娘は5歳ぐらいの女児で、着込んできた分厚い衣服の上から、更に母親の物と思われる防寒着に身を絡んでいた。
程なく会話のやり取りを続けてきた末に、50歳代の母親の方が伝える。
「星読《ほしよ》み先生。今日は本当に、ありがとうございました。」
それに対して30歳代の女性も、優しい笑顔を浮かべて答えた。
「いいえ。私で良ければ、またいつでも力になりますから。」
母親はまた、チラリと娘に目をやりながら、話しを返す。
「本当にお陰様で、この子の『前世』っていうものを知る事が出来ました。ありがとうございます。」
「お子さんは、きっと『前世』からの使命に気がつき、そして今後の人生に、生まれてきた意味を見つけられる事を信じてあげてください。」
星読み先生と言われた女性が、そう告げると、母親はまた何度も頭を下げて、代金を支払った。
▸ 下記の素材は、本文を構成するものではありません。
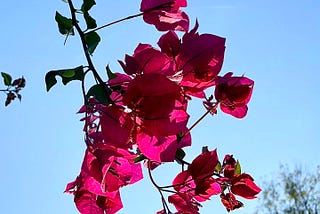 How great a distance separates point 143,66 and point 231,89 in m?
0.10

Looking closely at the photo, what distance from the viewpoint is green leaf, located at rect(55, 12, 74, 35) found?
0.56 meters

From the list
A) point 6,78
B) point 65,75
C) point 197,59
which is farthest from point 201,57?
point 6,78

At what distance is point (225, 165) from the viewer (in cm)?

その後、吹雪こそないものの、再びひんやりと冷え切り静まり返ったような外へと、母親と娘は出て行く。
「ありがとうございました。」
その言葉を最後に、親子は寒冷の中を立ち去っていく。
星読み先生は親子を見送った後、家の中に戻った。
それから、しばらくした後、慌ただしく沈黙を破って、誰かが家の中に入ってくる。
星読み先生は別段驚いた様子もなく、振り返りはしたものの、物音だけでその主が誰なのか判断出来た様子で言った。
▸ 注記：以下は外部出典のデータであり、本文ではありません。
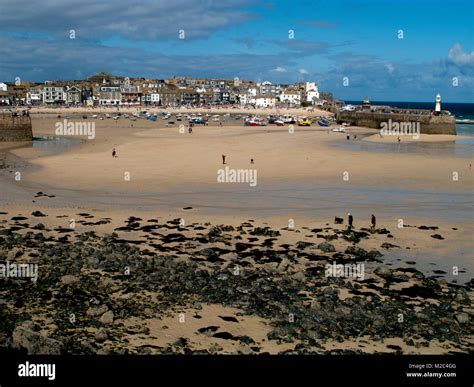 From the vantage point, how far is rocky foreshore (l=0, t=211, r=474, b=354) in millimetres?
9594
「メイド。おかえりなさい。買い物、少し遅かったですね。」
メイドと言われた人物は、20歳代後半ぐらいの女性で、頭から灰色の頭巾を被っている。
その顔は、くすんだ肌で丸顔、小柄ではあるが小太りな体型だった。
メイドは、どうやら急いで帰ってきたらしく、返答も出来ない程、息を荒くしている。
「焦らなくていいですよ。落ち着いてから、話してください。」
そんなメイドの事を気遣って、星読み先生は、温かい態度と笑顔で伝えた。
メイドは、とりあえずキッチンの方へ買い物の品を置くと、ようやく呼吸を落ち着ける事が出来、声を発する事が叶う。
「・・ハァ、ハァ。あ、・・あのう、星読み先生。お客さんは?」
「あ、先程、帰りました。」
星読み先生がそう話すと、メイドは申し訳なさそうな表情になって、頭を下げた。
「星読み先生。すいません。お客さんに出す飲み物を、買いに行ったのに・・間に合いませんでした。」
「まあ、仕方ないですよ。次の時に、飲み物を出してあげれば良いですから。」
星読み先生は、穏やかに答える。